A bonding atom pair will be identified if several conditions are met. First, a pair of atoms I,J within the specified react-group-ID of type itype and jtype must be separated by a distance between Rmin and Rmax. It is possible that multiple bonding atom pairs are identified: if the bonding atoms in the pre-reacted template are 1-2 neighbors, i.e. directly bonded, the farthest bonding atom partner is set as its bonding partner; otherwise, the closest potential partner is chosen. Then, if both an atom I and atom J have each other as their bonding partners, these two atoms are identified as the bonding atom pair of the reaction site. Once this unique bonding atom pair is identified for each reaction, there could two or more reactions that involve a given atom on the same timestep. If this is the case, only one such reaction is permitted to occur. This reaction is chosen randomly from all potential reactions. This capability allows e.g. for different reaction pathways to proceed from identical reaction sites with user-specified probabilities.

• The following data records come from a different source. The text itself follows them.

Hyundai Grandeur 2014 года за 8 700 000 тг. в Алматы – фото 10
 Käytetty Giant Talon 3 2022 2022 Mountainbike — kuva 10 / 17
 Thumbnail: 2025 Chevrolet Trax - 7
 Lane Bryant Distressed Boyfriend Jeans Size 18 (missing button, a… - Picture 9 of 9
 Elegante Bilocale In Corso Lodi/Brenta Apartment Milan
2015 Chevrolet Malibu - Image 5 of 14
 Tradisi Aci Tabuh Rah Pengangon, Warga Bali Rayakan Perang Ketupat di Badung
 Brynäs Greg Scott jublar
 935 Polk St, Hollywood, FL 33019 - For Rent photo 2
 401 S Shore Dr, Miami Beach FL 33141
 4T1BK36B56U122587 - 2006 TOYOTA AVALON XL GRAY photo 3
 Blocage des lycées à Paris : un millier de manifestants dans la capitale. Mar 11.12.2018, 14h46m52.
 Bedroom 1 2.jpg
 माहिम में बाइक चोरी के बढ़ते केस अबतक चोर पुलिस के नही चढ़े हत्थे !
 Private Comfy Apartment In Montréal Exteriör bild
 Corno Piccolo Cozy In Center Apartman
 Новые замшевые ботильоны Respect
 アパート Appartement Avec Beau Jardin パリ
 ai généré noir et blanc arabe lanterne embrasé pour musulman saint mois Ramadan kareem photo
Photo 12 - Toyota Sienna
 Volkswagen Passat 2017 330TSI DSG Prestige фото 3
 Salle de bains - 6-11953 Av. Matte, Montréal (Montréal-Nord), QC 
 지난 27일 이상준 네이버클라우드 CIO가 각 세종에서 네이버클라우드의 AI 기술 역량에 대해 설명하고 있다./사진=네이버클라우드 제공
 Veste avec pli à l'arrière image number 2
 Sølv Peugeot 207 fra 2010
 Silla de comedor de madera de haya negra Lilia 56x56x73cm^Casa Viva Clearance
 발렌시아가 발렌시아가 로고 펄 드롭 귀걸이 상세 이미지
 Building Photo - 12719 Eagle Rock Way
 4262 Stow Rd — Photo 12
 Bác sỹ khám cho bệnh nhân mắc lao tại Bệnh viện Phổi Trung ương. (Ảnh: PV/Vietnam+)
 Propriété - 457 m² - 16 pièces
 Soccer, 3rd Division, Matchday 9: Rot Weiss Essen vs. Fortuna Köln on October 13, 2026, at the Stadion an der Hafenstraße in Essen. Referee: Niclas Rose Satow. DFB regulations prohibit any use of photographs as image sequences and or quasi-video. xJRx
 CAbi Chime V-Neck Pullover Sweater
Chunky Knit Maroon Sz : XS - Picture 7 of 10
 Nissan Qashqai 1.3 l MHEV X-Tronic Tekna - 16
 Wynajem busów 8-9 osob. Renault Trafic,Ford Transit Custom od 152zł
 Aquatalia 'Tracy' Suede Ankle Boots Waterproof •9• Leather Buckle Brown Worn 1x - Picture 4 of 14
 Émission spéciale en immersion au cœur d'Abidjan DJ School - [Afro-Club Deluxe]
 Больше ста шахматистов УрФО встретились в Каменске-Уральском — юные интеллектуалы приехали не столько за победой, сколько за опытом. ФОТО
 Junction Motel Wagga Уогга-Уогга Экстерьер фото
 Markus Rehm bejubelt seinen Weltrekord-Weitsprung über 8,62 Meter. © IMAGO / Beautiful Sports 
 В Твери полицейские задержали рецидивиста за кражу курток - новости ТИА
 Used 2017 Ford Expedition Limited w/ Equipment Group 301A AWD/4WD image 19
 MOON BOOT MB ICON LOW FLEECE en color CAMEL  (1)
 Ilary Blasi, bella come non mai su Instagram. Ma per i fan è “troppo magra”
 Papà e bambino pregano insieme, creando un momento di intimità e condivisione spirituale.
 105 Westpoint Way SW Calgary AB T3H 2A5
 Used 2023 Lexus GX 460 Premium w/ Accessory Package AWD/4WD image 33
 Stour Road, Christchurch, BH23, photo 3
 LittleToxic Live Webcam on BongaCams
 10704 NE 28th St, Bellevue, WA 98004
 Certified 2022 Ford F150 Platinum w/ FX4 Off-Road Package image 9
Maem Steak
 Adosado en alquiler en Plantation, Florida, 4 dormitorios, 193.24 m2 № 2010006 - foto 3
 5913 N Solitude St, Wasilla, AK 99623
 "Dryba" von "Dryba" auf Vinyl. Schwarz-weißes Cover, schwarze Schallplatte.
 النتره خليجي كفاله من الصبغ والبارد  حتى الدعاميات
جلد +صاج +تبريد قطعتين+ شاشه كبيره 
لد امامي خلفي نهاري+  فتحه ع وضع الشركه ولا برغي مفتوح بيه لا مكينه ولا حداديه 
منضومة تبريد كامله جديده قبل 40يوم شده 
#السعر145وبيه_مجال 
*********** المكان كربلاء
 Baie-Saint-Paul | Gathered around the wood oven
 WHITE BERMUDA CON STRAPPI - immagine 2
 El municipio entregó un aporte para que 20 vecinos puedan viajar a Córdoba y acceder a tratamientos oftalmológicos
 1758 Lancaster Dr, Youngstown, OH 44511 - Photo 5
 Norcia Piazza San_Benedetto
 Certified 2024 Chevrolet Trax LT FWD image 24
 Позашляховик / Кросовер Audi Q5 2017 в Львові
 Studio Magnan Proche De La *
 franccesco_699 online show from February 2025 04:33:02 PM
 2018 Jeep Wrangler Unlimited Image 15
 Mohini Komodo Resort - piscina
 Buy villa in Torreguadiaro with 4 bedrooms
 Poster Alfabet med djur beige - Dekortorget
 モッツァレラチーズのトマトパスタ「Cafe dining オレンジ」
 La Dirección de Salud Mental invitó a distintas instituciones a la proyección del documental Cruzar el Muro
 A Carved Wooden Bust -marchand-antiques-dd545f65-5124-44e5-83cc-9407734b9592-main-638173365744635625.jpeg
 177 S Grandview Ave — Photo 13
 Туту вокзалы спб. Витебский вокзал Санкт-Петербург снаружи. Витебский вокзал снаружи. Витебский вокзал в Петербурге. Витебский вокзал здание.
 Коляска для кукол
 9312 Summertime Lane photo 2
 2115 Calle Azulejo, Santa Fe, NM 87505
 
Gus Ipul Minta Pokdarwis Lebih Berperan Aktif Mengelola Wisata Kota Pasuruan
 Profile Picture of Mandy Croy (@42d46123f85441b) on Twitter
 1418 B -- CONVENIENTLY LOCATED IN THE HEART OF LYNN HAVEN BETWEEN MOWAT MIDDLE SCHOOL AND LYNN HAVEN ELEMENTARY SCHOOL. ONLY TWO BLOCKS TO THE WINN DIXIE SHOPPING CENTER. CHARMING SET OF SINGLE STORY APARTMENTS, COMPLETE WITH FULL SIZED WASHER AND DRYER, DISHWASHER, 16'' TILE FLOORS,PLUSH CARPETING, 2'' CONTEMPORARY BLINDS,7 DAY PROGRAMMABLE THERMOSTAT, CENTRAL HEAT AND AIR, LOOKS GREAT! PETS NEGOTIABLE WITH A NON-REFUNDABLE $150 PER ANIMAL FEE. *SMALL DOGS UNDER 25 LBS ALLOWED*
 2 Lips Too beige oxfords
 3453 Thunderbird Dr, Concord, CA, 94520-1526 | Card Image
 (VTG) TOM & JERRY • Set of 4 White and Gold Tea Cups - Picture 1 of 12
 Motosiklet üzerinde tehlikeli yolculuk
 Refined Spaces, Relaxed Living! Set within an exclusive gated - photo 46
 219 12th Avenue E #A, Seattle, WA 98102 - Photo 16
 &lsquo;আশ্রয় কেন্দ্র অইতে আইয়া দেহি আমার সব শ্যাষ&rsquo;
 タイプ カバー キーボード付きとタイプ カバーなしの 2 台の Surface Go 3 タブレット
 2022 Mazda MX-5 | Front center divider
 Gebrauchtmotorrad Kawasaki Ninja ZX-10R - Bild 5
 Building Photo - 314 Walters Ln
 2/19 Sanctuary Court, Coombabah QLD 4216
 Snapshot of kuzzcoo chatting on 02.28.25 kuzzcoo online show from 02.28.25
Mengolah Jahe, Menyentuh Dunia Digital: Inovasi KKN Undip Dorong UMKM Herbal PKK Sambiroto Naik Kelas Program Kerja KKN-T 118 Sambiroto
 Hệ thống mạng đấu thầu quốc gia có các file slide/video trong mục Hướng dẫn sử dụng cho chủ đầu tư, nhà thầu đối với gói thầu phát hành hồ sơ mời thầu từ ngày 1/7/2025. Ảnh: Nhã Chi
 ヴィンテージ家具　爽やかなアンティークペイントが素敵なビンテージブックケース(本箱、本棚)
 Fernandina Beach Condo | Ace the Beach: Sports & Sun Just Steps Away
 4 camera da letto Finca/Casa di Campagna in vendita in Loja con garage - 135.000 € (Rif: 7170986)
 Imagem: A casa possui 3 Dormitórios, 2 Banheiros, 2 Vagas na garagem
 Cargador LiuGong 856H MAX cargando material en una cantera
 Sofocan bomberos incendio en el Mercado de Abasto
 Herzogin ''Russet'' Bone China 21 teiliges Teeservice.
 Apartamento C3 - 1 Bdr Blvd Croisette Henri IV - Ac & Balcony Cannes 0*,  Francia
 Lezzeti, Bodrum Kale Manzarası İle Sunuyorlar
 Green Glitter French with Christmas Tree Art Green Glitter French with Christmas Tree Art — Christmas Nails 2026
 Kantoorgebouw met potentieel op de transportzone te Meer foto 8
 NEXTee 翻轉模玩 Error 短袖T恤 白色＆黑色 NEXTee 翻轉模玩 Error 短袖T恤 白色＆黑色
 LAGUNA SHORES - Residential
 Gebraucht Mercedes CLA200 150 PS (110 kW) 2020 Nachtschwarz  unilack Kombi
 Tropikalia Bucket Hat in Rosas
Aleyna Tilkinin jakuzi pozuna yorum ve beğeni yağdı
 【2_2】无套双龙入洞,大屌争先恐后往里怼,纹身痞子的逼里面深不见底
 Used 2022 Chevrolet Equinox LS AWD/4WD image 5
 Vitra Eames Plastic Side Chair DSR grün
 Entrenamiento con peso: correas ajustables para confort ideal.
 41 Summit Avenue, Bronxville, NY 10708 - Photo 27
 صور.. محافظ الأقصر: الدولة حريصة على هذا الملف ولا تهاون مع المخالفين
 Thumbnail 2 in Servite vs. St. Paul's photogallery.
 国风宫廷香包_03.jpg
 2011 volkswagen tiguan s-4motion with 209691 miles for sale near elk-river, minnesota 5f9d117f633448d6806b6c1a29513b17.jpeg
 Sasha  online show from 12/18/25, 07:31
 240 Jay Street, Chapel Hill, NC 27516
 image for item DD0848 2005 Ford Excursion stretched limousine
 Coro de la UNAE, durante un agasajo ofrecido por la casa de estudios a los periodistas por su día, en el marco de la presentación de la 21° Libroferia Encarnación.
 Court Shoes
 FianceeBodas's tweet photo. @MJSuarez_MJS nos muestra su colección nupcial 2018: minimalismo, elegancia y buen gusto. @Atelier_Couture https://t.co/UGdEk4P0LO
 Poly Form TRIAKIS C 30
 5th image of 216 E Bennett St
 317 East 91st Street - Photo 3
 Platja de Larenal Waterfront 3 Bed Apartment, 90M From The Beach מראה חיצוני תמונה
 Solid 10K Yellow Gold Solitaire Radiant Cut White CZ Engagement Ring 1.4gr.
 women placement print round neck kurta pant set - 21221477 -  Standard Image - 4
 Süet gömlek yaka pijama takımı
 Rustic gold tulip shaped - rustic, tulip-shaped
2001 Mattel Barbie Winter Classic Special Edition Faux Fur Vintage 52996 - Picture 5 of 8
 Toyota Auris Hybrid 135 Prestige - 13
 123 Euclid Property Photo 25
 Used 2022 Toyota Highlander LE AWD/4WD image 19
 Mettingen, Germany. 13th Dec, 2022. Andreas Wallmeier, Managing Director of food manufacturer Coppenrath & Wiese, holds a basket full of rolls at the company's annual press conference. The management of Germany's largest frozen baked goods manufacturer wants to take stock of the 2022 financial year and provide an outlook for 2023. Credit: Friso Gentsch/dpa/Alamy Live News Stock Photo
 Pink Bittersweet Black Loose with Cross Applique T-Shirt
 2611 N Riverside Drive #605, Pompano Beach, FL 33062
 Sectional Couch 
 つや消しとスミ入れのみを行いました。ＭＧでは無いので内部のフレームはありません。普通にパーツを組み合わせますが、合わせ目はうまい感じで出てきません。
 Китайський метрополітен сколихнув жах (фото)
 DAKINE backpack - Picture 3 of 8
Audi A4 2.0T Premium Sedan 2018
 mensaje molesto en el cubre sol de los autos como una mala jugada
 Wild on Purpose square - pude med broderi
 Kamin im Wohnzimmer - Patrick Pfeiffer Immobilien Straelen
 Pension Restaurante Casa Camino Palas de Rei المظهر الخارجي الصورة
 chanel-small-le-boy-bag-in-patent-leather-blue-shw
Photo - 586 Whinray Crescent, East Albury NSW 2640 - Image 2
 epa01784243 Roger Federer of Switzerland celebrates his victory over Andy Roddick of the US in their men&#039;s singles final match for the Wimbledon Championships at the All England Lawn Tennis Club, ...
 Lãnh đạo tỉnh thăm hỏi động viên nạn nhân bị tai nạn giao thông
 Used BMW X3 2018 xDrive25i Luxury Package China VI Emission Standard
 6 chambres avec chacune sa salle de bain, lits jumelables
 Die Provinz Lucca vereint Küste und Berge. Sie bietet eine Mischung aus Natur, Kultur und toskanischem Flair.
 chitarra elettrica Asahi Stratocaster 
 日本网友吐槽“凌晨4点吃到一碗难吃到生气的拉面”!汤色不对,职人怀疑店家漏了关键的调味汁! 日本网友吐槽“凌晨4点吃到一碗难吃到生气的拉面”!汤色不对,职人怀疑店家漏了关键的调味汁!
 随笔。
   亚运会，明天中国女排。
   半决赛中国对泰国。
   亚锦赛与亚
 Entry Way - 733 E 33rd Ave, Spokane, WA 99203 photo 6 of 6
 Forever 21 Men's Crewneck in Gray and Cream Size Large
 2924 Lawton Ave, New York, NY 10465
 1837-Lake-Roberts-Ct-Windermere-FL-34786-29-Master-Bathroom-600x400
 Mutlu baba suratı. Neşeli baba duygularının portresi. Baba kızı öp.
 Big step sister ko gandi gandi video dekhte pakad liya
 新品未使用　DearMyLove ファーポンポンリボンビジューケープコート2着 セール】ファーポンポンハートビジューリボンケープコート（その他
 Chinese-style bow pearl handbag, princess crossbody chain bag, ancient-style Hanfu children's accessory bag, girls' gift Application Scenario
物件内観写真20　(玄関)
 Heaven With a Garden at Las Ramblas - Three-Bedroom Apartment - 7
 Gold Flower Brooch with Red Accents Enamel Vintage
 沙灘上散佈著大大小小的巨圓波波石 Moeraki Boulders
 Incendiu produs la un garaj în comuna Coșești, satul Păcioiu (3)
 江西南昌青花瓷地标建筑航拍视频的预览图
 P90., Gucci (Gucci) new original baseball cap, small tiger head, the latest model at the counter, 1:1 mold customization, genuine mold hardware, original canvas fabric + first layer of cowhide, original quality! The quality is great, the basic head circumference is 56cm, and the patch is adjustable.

The pre-reacted molecule template is specified by a molecule command. This molecule template file contains a sample reaction site and its surrounding topology. As described below, the bonding atom pairs of the pre-reacted template are specified by atom ID in the map file. The pre-reacted molecule template should contain as few atoms as possible while still completely describing the topology of all atoms affected by the reaction. For example, if the force field contains dihedrals, the pre-reacted template should contain any atom within three bonds of reacting atoms.

Some atoms in the pre-reacted template that are not reacting may have missing topology with respect to the simulation. For example, the pre-reacted template may contain an atom that, in the simulation, is currently connected to the rest of a long polymer chain. These are referred to as edge atoms, and are also specified in the map file. All pre-reaction template atoms should be linked to a bonding atom, via at least one path that does not involve edge atoms. When the pre-reaction template contains edge atoms, not all atoms, bonds, charges, etc. specified in the reaction templates will be updated. Specifically, topology that involves only atoms that are ‘too near’ to template edges will not be updated. The definition of ‘too near the edge’ depends on which interactions are defined in the simulation. If the simulation has defined dihedrals, atoms within two bonds of edge atoms are considered ‘too near the edge.’ If the simulation defines angles, but not dihedrals, atoms within one bond of edge atoms are considered ‘too near the edge.’ If just bonds are defined, only edge atoms are considered ‘too near the edge.’

Note

Small molecules, i.e. ones that have all their atoms contained within the reaction templates, never have edge atoms.

Note that some care must be taken when a building a molecule template for a given simulation. All atom types in the pre-reacted template must be the same as those of a potential reaction site in the simulation. A detailed discussion of matching molecule template atom types with the simulation is provided on the molecule command page.

The post-reacted molecule template contains a sample of the reaction site and its surrounding topology after the reaction has occurred. It must contain the same number of atoms as the pre-reacted template. A one-to-one correspondence between the atom IDs in the pre- and post-reacted templates is specified in the map file as described below. Note that during a reaction, an atom, bond, etc. type may change to one that was previously not present in the simulation. These new types must also be defined during the setup of a given simulation. A discussion of correctly handling this is also provided on the molecule command page.

Note

When a reaction occurs, it is possible that the resulting topology/atom (e.g. special bonds, dihedrals, etc.) exceeds that of the existing system and reaction templates. As when inserting molecules, enough space for this increased topology/atom must be reserved by using the relevant “extra” keywords to the read_data or create_box commands.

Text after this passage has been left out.